■ **ABOUT THIS EXERCISE**
In the records below, find the line that contains "CD Carl Perkins: Be Bop a Lula 604604" and the line that contains "Cristo não é somente"; write out exactly those two lines and everything between them, without the pictures.
[PROVIDED INFORMATION]
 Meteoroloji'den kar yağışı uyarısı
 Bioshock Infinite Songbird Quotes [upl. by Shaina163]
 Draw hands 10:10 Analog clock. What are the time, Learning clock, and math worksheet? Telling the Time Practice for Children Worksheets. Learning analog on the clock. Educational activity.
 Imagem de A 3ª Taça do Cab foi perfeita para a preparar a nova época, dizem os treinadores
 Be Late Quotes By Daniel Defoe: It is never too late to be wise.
[/PROVIDED INFORMATION]
[PROVIDED INFORMATION]
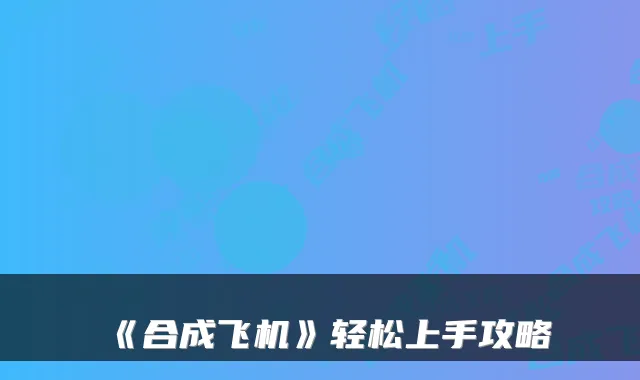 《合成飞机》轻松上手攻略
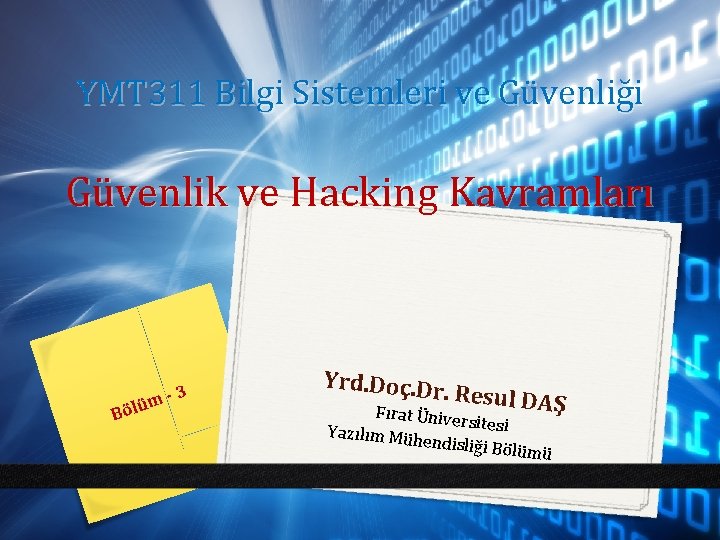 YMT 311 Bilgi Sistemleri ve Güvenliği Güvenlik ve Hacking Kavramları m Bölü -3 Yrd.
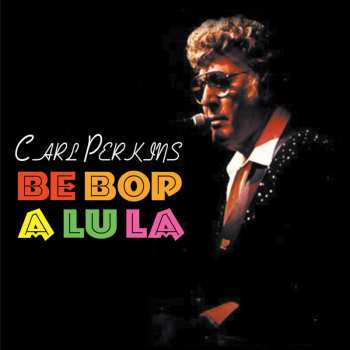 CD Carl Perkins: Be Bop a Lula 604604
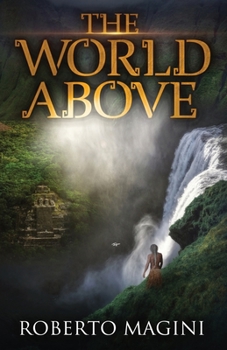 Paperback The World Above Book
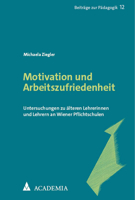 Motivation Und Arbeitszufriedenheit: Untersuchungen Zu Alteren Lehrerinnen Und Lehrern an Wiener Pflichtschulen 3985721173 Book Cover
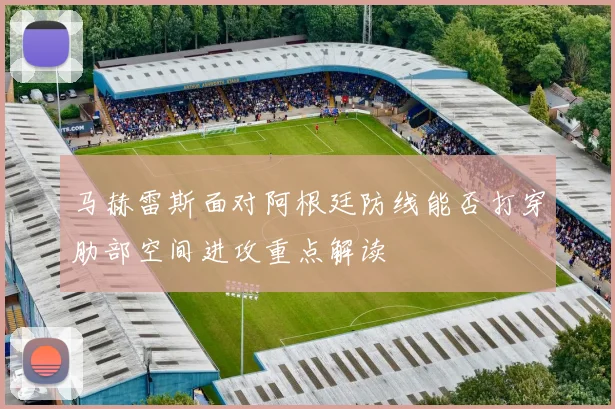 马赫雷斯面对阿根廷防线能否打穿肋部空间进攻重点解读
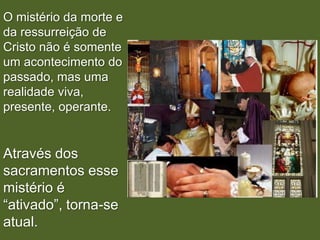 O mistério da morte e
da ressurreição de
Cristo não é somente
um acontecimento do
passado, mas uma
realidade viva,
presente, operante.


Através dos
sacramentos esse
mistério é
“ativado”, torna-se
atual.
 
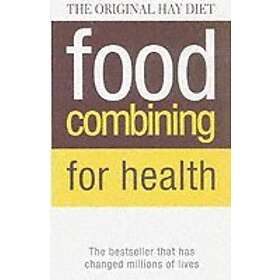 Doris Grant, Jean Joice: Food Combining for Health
[/PROVIDED INFORMATION]
■ **SOLUTION TO THE EXERCISE**
 CD Carl Perkins: Be Bop a Lula 604604
 Paperback The World Above Book
 Motivation Und Arbeitszufriedenheit: Untersuchungen Zu Alteren Lehrerinnen Und Lehrern an Wiener Pflichtschulen 3985721173 Book Cover
 马赫雷斯面对阿根廷防线能否打穿肋部空间进攻重点解读
 O mistério da morte e
da ressurreição de
Cristo não é somente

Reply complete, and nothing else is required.